Index Management¶
polars-redis provides typed helpers for creating and managing RediSearch indexes, eliminating the need to write raw FT.CREATE commands.
Overview¶
Instead of manually constructing FT.CREATE commands:
# Manual approach
FT.CREATE users_idx ON HASH PREFIX 1 user: SCHEMA \
name TEXT SORTABLE \
age NUMERIC SORTABLE \
status TAG
Use the typed Python API:
from polars_redis import Index, TextField, NumericField, TagField
idx = Index(
name="users_idx",
prefix="user:",
schema=[
TextField("name", sortable=True),
NumericField("age", sortable=True),
TagField("status"),
]
)
idx.create("redis://localhost:6379")
Field Types¶
TextField¶
Full-text search fields with stemming, phonetic matching, and relevance scoring.
from polars_redis import TextField
# Basic text field
TextField("title")
# With options
TextField("title", sortable=True, weight=2.0) # Higher relevance weight
TextField("body", nostem=True) # Disable stemming
TextField("name", phonetic="dm:en") # Double Metaphone English
TextField("content", withsuffixtrie=True) # Enable suffix queries (*word)
| Option | Type | Default | Description |
|---|---|---|---|
sortable |
bool | False | Enable sorting on this field |
nostem |
bool | False | Disable stemming |
weight |
float | 1.0 | Relevance weight for scoring |
phonetic |
str | None | Phonetic algorithm (dm:en, dm:fr, dm:pt, dm:es) |
noindex |
bool | False | Store but don't index |
withsuffixtrie |
bool | False | Enable suffix queries |
NumericField¶
Numeric fields for range queries.
from polars_redis import NumericField
NumericField("age")
NumericField("price", sortable=True)
NumericField("score", noindex=True) # Store only
| Option | Type | Default | Description |
|---|---|---|---|
sortable |
bool | False | Enable sorting |
noindex |
bool | False | Store but don't index |
TagField¶
Exact-match fields for categories, tags, and statuses.
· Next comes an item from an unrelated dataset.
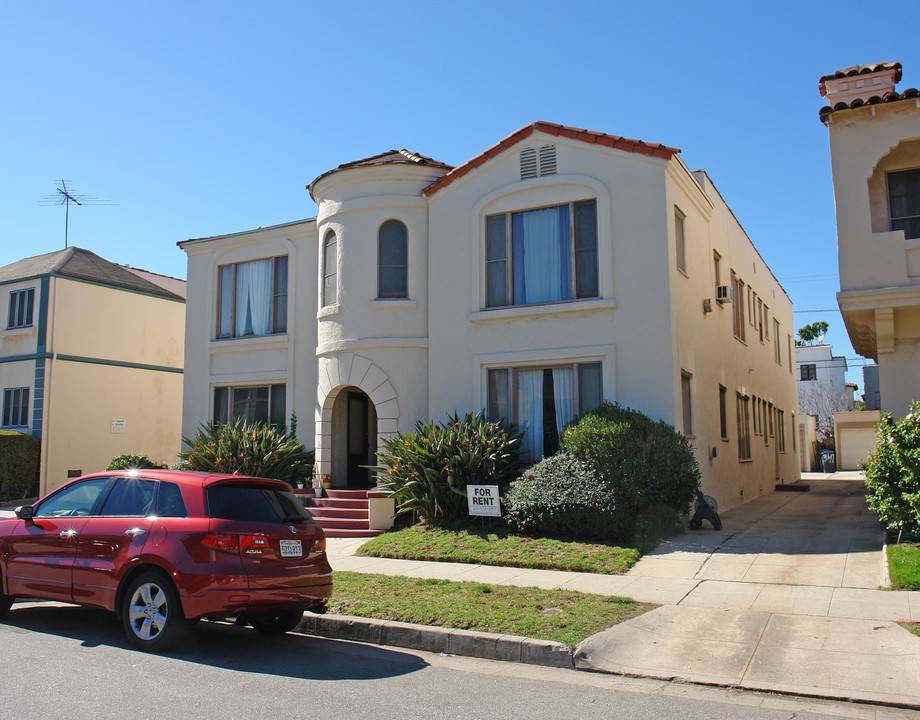 341 N Gardner St in Los Angeles, CA - Building Photo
Values are not tokenized or stemmed.
from polars_redis import TagField
TagField("status")
TagField("tags", separator="|") # Pipe-separated values
TagField("code", casesensitive=True) # Case-sensitive matching
| Option | Type | Default | Description |
|---|---|---|---|
separator |
str | "," | Character separating multiple values |
casesensitive |
bool | False | Case-sensitive matching |
sortable |
bool | False | Enable sorting |
noindex |
bool | False | Store but don't index |
withsuffixtrie |
bool | False | Enable suffix queries |
GeoField¶
Geographic fields for radius and polygon queries.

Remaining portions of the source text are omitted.